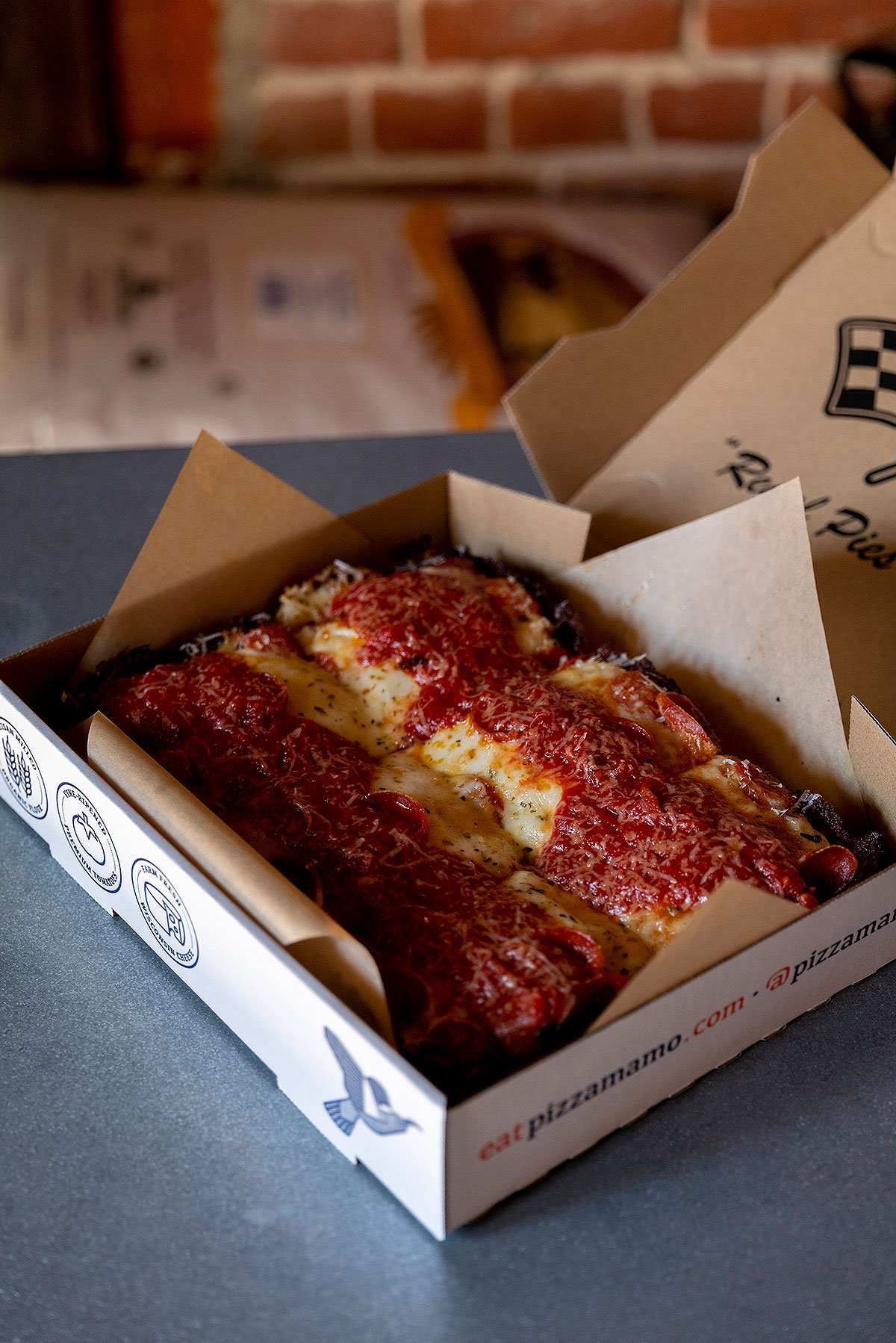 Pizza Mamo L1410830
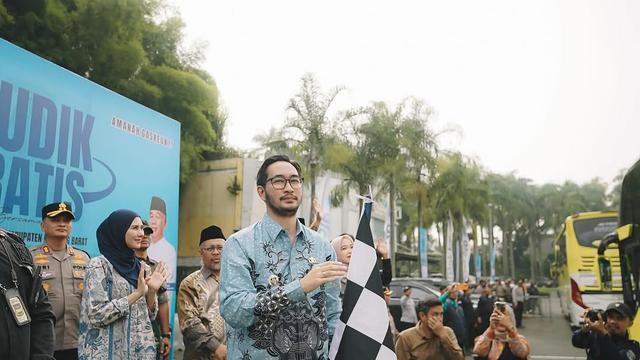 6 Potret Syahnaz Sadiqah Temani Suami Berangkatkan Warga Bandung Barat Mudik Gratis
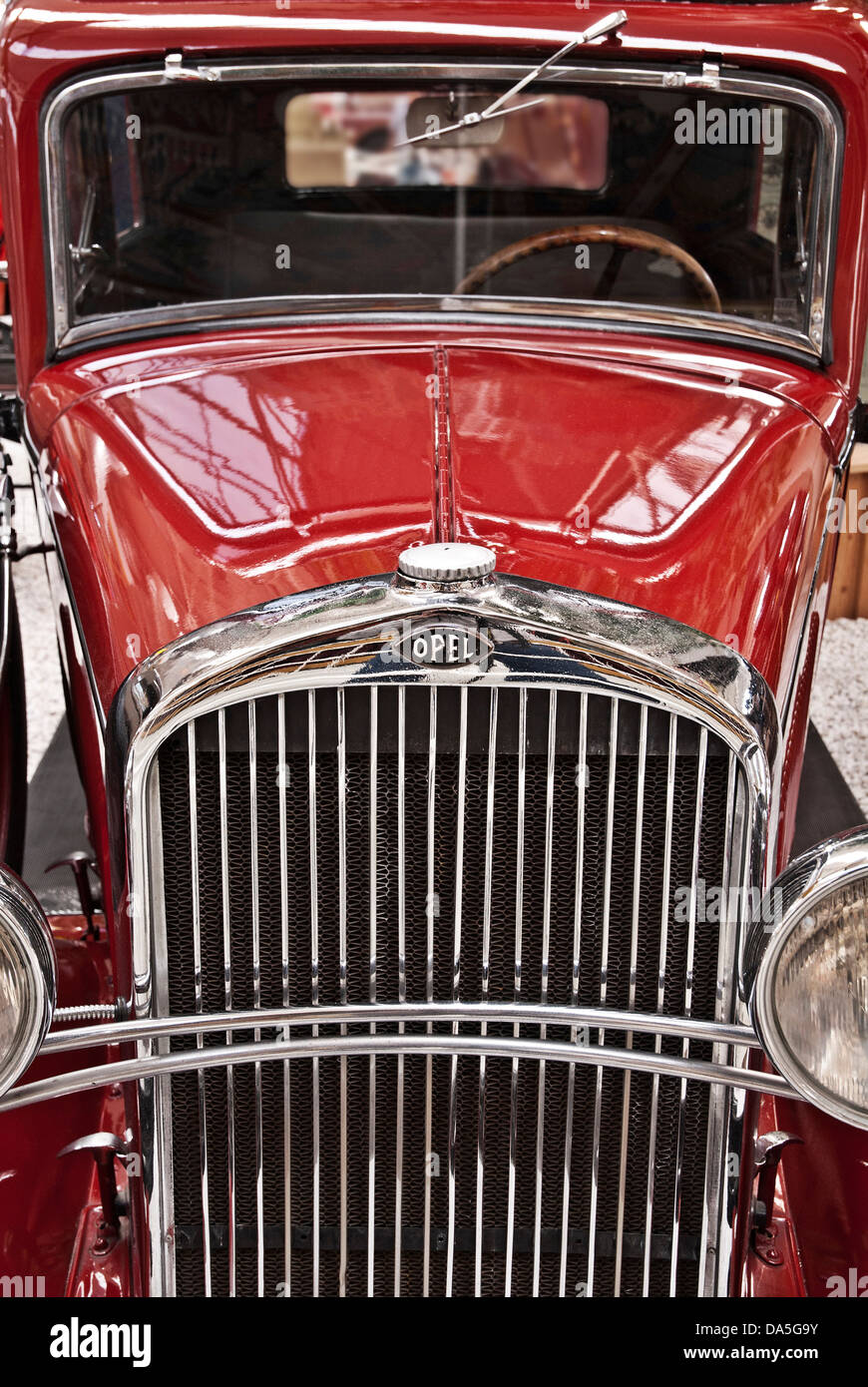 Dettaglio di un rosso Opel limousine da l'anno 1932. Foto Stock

- - - -

*Assignment*: Word for word, give the listing above again, but drop any pictures.

*Reply to the task*:
 Pizza Mamo L1410830
 6 Potret Syahnaz Sadiqah Temani Suami Berangkatkan Warga Bandung Barat Mudik Gratis
 Dettaglio di un rosso Opel limousine da l'anno 1932. Foto Stock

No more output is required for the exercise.